Elvis will be Artist in Residence for UCLA Performing Arts
LA Times, 2001-05-25
- Hugh Hart

 

News from Ucla in the Los Angeles Times

UCLA's Next Season Offers Quirkier, Edgier Fare
Performing Arts: Highlights include Sonic Youth, an Edgar Allan Poe tribute, Eric Bogosian, Nanci Griffith and Armistead Maupin.

By HUGH HART, Special to The Times

Elvis Costello has a new job: Starting next fall, the British songwriter will serve as Artist in Residence for UCLA Performing Arts. As part of UCLA's 2001-2002 arts season, announced today, Costello will direct four projects over the course of the season, including a collaboration with the Charles Mingus Orchestra in October.
     Other season highlights include a weekend gathering of experimental rock bands organized by New York quartet Sonic Youth; a Halloween tribute to Edgar Allan Poe; the West Coast premiere of John Cage's "James Joyce, Marcel Duchamp, Erik Satie: An Alphabet"; and a concert by local hip-hop pioneers the Watts Prophets.
     The school also unveiled its first off-season performance package, UCLA Summer Live. The series culminates June 27-July 15 with "Charlie Victor Romeo," a theater piece based on "black box" recordings culled from plane crashes.
     UCLA Performing Arts' new director, David Sefton, planned to shake things up last fall when the 38-year-old Englishman took over programming chores from predecessor Michael Blachly. As expected, the new season reflects Sefton's passion for edgy fare and "one-off" collaborative events. "The idea that you draw a wide range of creative makers and doers and mix them up is an almost perfect fit with a university environment, which is entirely about the nature of development and research," Sefton said in an interview. "This program is about developing a future for art, rather than sitting back and hoping the past will be OK. Historical reference points are all well and good, but you need to go somewhere with them."
     Sefton said that Costello, noted for an unusually broad taste encompassing punk, country, classical and jazz music, is emblematic of his own programming vision. "Elvis is able to dip in and out of traditions at will. He has that kind of polymath ability to combine his own enthusiasms with all these areas of music, to move across all these different genres.
     "I don't expect everyone to be delighted that Sonic Youth will be on the premises," he said. "But there are certainly going to be a lot of people who maybe have never even been here before, or even students on our own campus who have never been to Royce Hall, who are going to be absolutely delighted that Sonic Youth is going to be in the building."
     If Sefton's emphasis on quirkier attractions has caused any grumbling, neither he nor his boss, Dan Newman, have heard about it.
     "We very consciously brought David in to stir things up, to bring a dramatic new vision to the position," said Newman, dean of UCLA School of Arts and Architecture.
     Referring to the Royce Center Circle, the group of donors that leads fund-raising efforts, Newman says: "I'm assuming there'll be some people who don't like the changes.
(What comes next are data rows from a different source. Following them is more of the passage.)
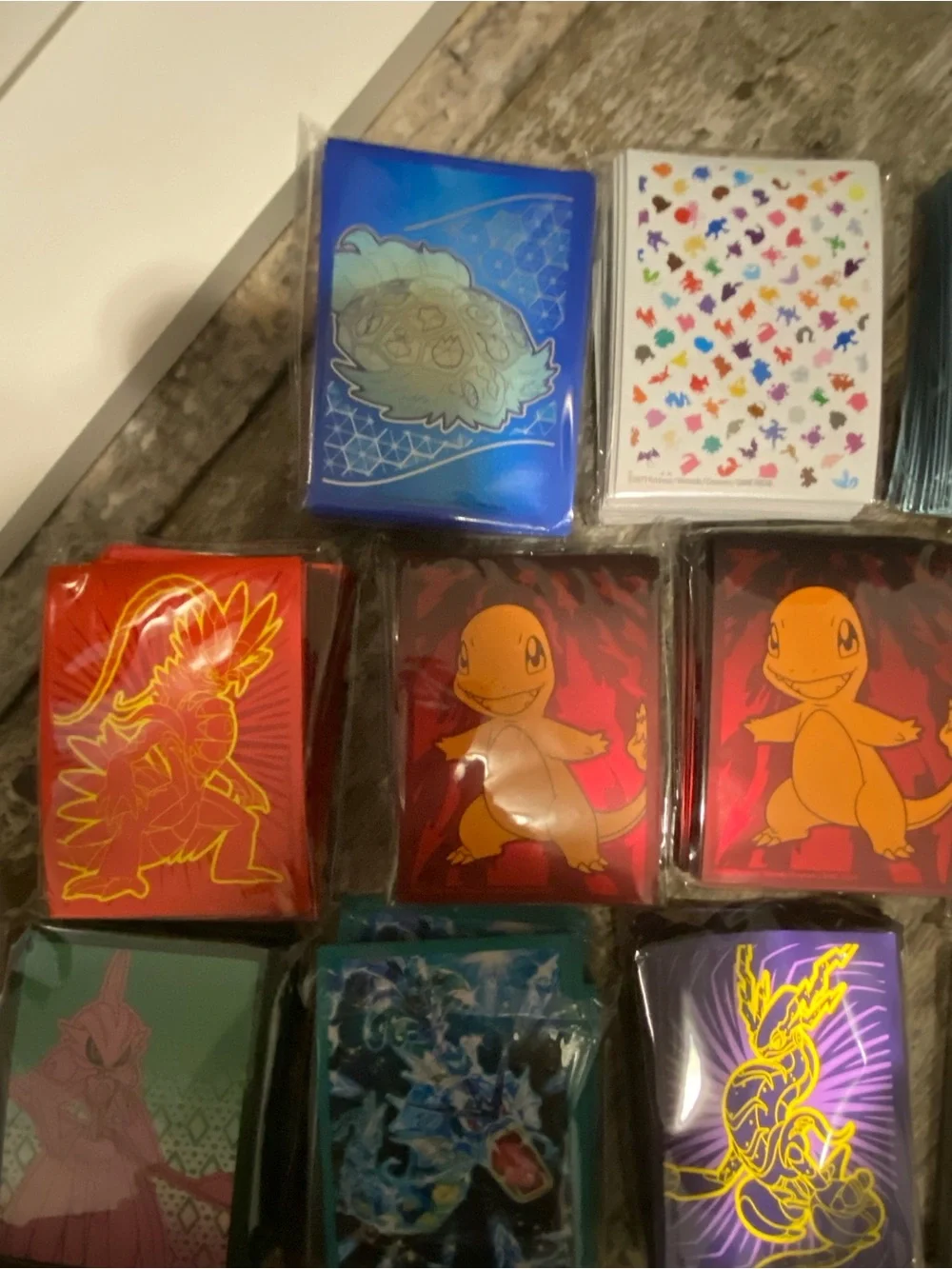 Assorted Pokémon Card Sleeve packs- Multi Color Designs
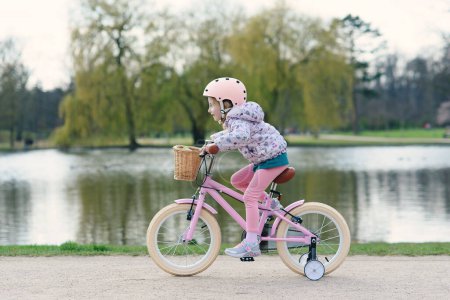 Photo for Little girl riding bike in safe helmet at sunny spring park near big lake. Preschooler learning to balance on bicycle in safe helmet. - Royalty Free Image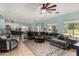 Spacious living room featuring a large sectional sofa, decorative rug, and view to the kitchen at 11121 N 165Th Ave, Surprise, AZ 85388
It would be inevitable. I think they'll be a minority and I haven't heard from them. Although we're talking about people who are senior and well to do, the people I know in this group are very smart people who understand that they have an opportunity at UCLA to engage in the arts in ways that are unorthodox. I don't expect everybody to love everything equally, but I don't think them to say, 'Oh God, what have we gotten ourselves into?' "
     Alice Tolchin, president of the Royce Circle Center, points to the Harry Smith Project as "a very good omen." The two-day tribute to folklorist Smith, which sold out last month, marked Sefton's first booking for the school.
     "David's programming is clearly more contemporary than it has been in the past," Tolchin said, "but there still is traditional programming."
     She believes Sefton's programming will attract younger audiences. "The future of performing arts is going to depend on support from younger audiences, so if you have programs that appeal to younger people, they will come in and want to support the program not only by buying tickets but by providing greater funding."
     The 2001-02 UCLA Performing Arts season offers 61 shows packaged in seven subscriber series.
     Returning: Philip Glass, who will provide live music to accompany a series of film screenings; Musicians from Marlboro, classical players assembled from the Marlboro Music Festival; Spalding Gray; David Sedaris; and the Emerson Quartet, which will collaborate with Britain's Theater de Complicite on an original piece devoted to Dmitri Shostakovich.
     Gone: the Early Music Series and the Cabaret Series, which included Andrea Marcovicci and Dianne Reeves. Also absent is a family program aimed at children and the Folk Series, which presented Arlo Guthrie and neo-traditionalist country singer Nanci Griffith.
     The new Popular Music Series features gospel music from the Blind Boys of Alabama, Suzanne Vega and Mary Chapin Carpenter, who will appear in an exclusive pairing with novelist Ann Lamott.
     World Music artists include Ladysmith Black Mambazo as well as performers from Portugal, Senegal, Cuba, Madagascar, India, Germany, Cuba, Tibet and Ireland.
     Classical music concerts will be reduced. Sefton points out that classical groups typically need to be booked 18 months in advance. He plans to add more traditional ensembles for the 2002-2003 season. This season's performers include Audra McDonald and the Los Angeles Philharmonic Orchestra in a program devoted to Japanese composer Toru Takemitsu.
     Dance highlights include Bill T. Jones/Arnie Zane Dance Company performing to Orion String Quartet.
     The Spoken Word Series includes "Tales of the City" author Armistead Maupin and novelist Annie Proulx.
     First-time guests, taking part in UCLA Live's Solo Festival in February, include Laurie Anderson, Eric Bogosian and avant-garde Canadian theater artist Robert Le Page.